I can track my feelings of grief and see how they’ve changed over the years as some aspects of your loss become more or less vivid. I can sit here now, older than you ever were impossible though that seems, and I know how much my life has changed because of you. While everyone else seems to have found solace in your absence, beautiful truths in their loss, I only discover more and more all that your death has done to me. You’d probably laugh with some kind of brotherly malice at the idea that you’ve shaped the person I’ve become. Diane von Furstenberg said the other night, “the most important relationship we have is with ourselves,” and grief ends up being about coming to terms with our own feelings.

The peace I’ve made this year is intertwined with my new ideas on death and objecthood, or death, cemeteries, and gravestones. I can’t think of anything I would have hated more the first year or so after you died than a cemetery, plot, or headstone. It would have been torture, a constant reminder of the pain I was all too keen not to feel, and it would have seemed impossibly horrible that you, in all your joyful physicality, were buried somewhere lonely and sad. Watching a movie months ago I remember seeing that cliché scene where a family visits the grave of a lost loved one, bringing them flowers and standing there talking to them on a grassy lawn, and the image struck me as beautiful and compelling.

How nice it seems at this particular moment to be able to visit you, to see your name written permanently into the tangible world. I’ve love to make a yearly trek somewhere and spend the day with you, and do all those things we do on days like these. In a cemetery people wouldn’t ask me why I was there, they wouldn’t ask why I was sad, and they wouldn’t feel obligated to be awkward or apologetic. Granted, scattering someone’s ashes is a much more beautiful idea, and I never thought much about being buried, or visiting someone who was, until now. Like churches, there is something about a cemetery that allows for loss, for the things we can’t explain that make us feel very small.
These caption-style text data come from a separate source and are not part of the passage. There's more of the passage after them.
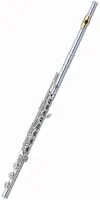 Флейта Pearl Elegante PF-795RB-CD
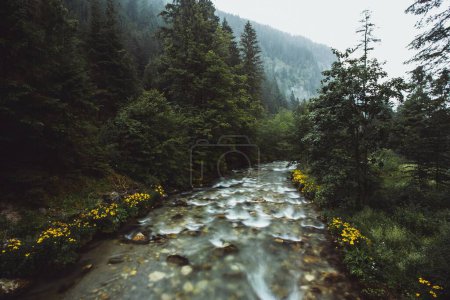 Moody landscape with mountains. River flowing in the wilderness forest at Austrian Alps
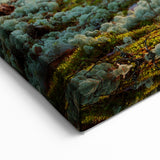 Estonian Nature Photography – Sunlit Pine Forest in Scenic Estonia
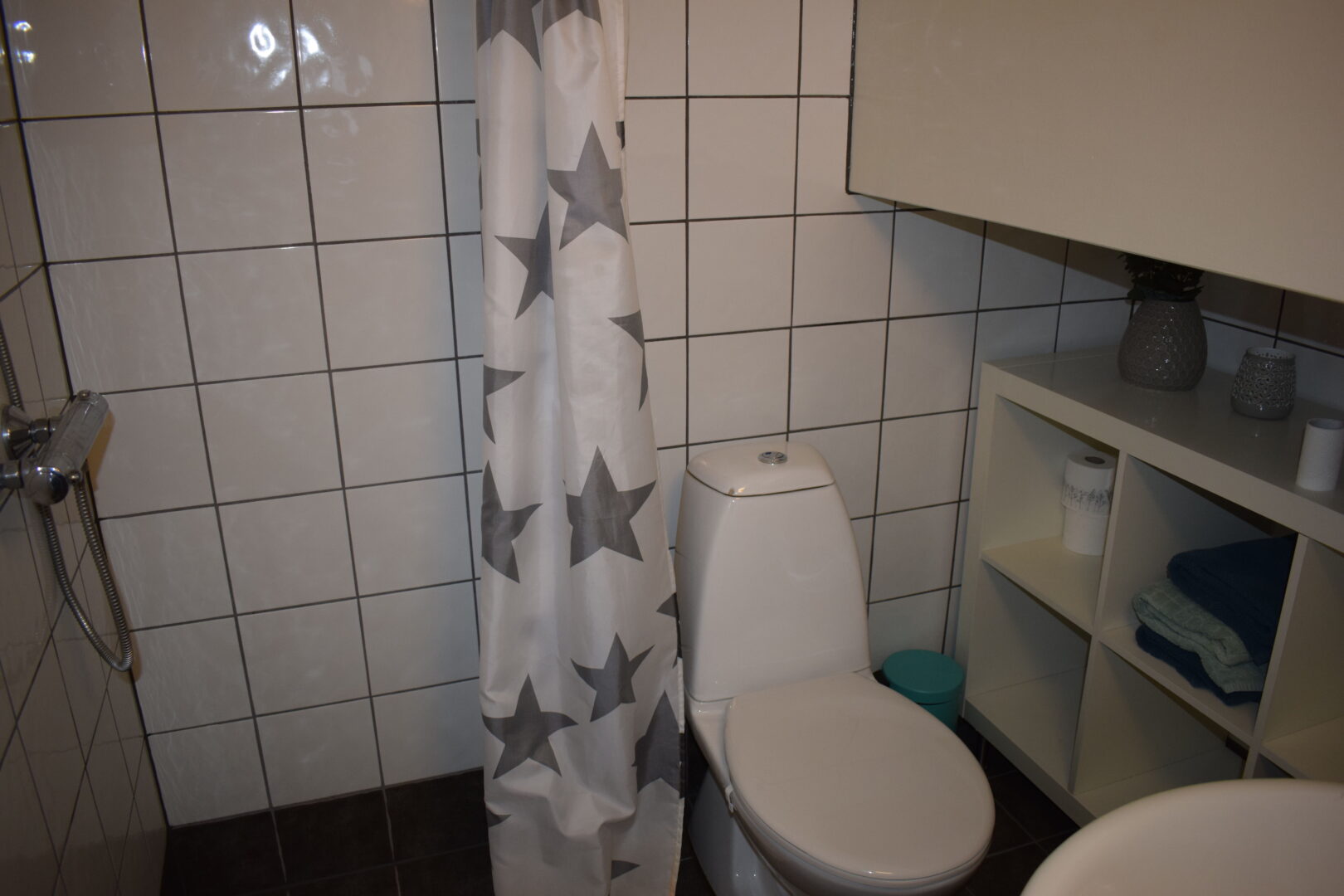 Fjellandsbyen 3E, Elgen (recovered data)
Despite my agnostic religious views I’ve always found that churches and cemeteries have a democratic feeling to them, and they are places that let us be sentimental, superstitious, and uncertain.

Every year I wonder what I should do to commemorate this day, how I can make it special or different, and every year it simply is special and different. It stands out as one of the saddest days of the year. The days leading up to it remind me uncomfortably of things I don’t allow myself to dwell upon, and the days after leaving me feeling weak and breathless. Maybe it’s because I’m getting older, and the people I love are too, that your death has seeped back into my consciousness in a way that it hasn’t for years. Though I want to chalk all this pain up to some kind of learning experience, like a first pregnancy that leads to a better second, I know no loss, however great, will ever feel like yours. The world without you can be a lonely place, as much because you’re not here as the reasons that you’re not. This year I don’t want my memories, my pictures, or your songs. Instead, I want what all grieving people always want: the impossible. In my imagination I’m sitting someplace beautiful, like that cemetery in San Juan that overlooks the ocean, and I’m telling you all that has transpired since you left.